BEGIN Material to process

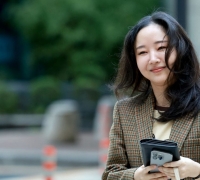 Min Heejin Expresses Support for Members' Return: "NewJeans Must Remain as Five" in First Statement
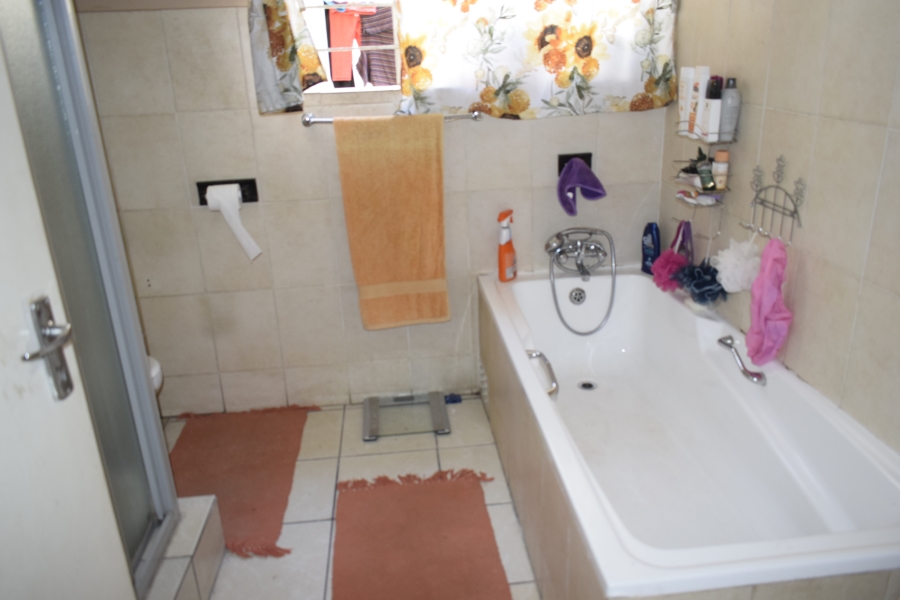 2 Bedroom Property for Sale in Parkrand Gauteng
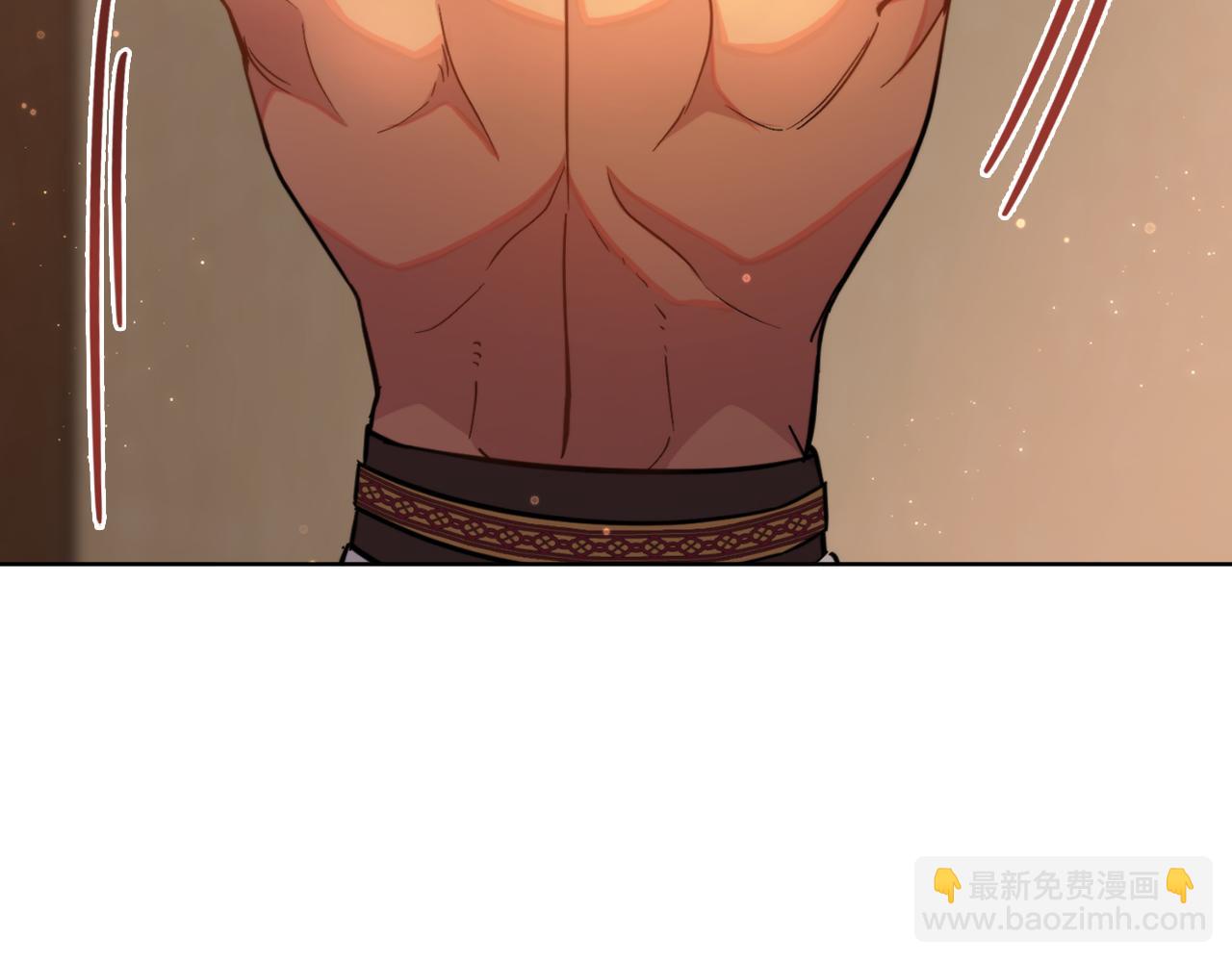 第30话 又做梦了(1/4)-第31话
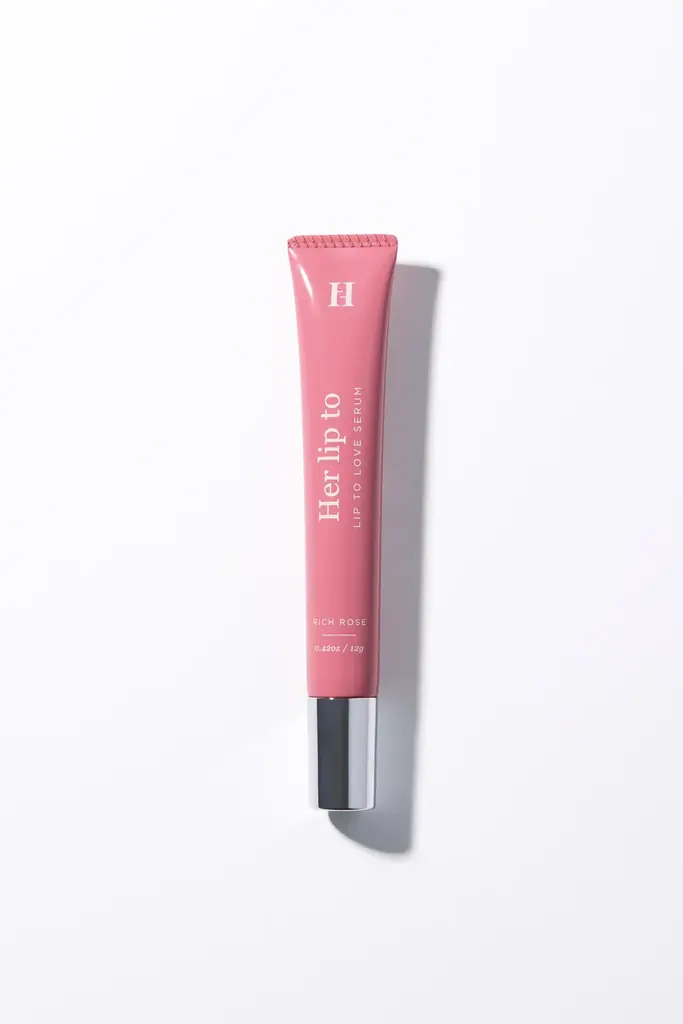 【ロフト】「Her lip to BEAUTY POP UP SHOP」銀座ロフトで期間限定オープン 画像 7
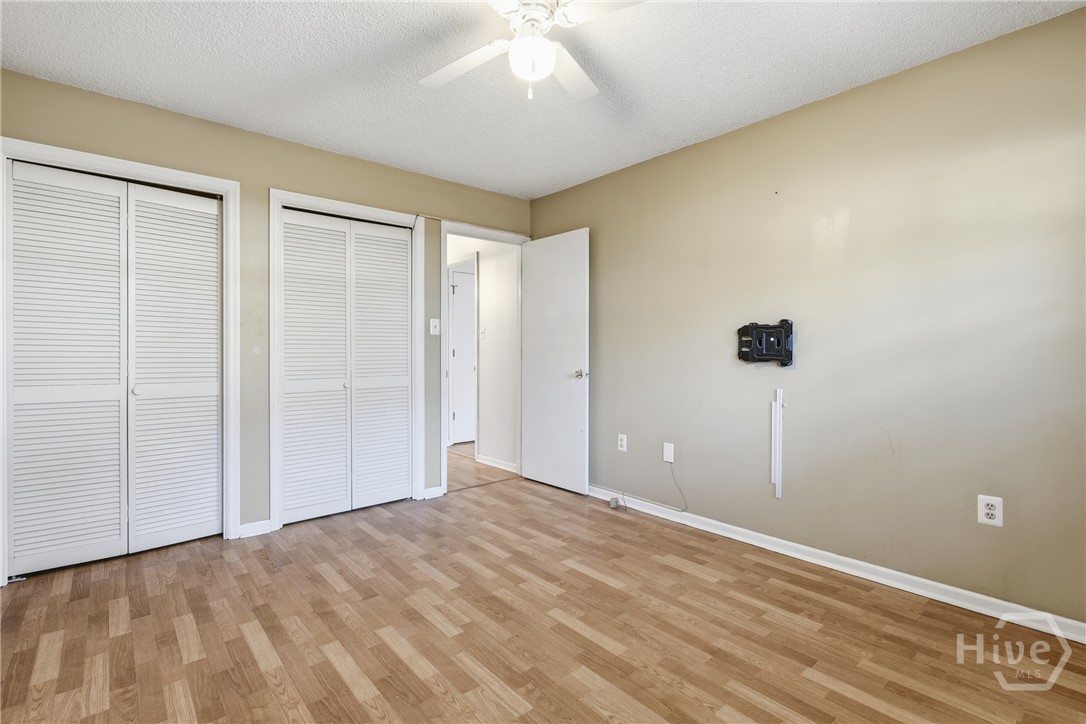 110 Magnolia Drive Springfield, GA 31329 - Photo 17 of 29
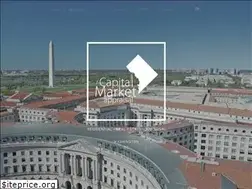 Sites similar to capitalmarketappraisal.com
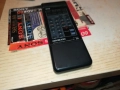 ONKYO R1 RC-180S ORIGINAL REMOTE CONTROL-ВНОС SWISS 2310252009, снимка 14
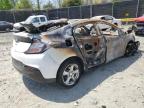 2017 Chevrolet Volt Lt for Sale in Waldorf, MD - Burn
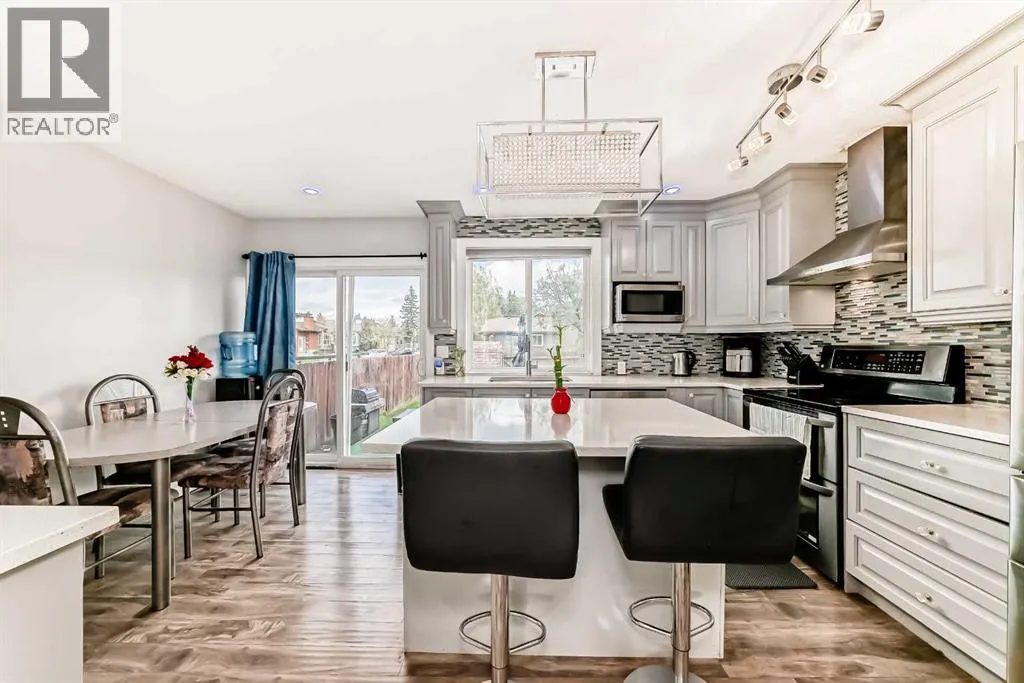 42 Taraglen Road NE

END Material to process

Exercise objective →
When an image appears in the data, skip it and output the rest exactly.

Answer to this exercise →
 Min Heejin Expresses Support for Members' Return: "NewJeans Must Remain as Five" in First Statement
 2 Bedroom Property for Sale in Parkrand Gauteng
 第30话 又做梦了(1/4)-第31话
 【ロフト】「Her lip to BEAUTY POP UP SHOP」銀座ロフトで期間限定オープン 画像 7
 110 Magnolia Drive Springfield, GA 31329 - Photo 17 of 29
 Sites similar to capitalmarketappraisal.com
 ONKYO R1 RC-180S ORIGINAL REMOTE CONTROL-ВНОС SWISS 2310252009, снимка 14
 2017 Chevrolet Volt Lt for Sale in Waldorf, MD - Burn
 42 Taraglen Road NE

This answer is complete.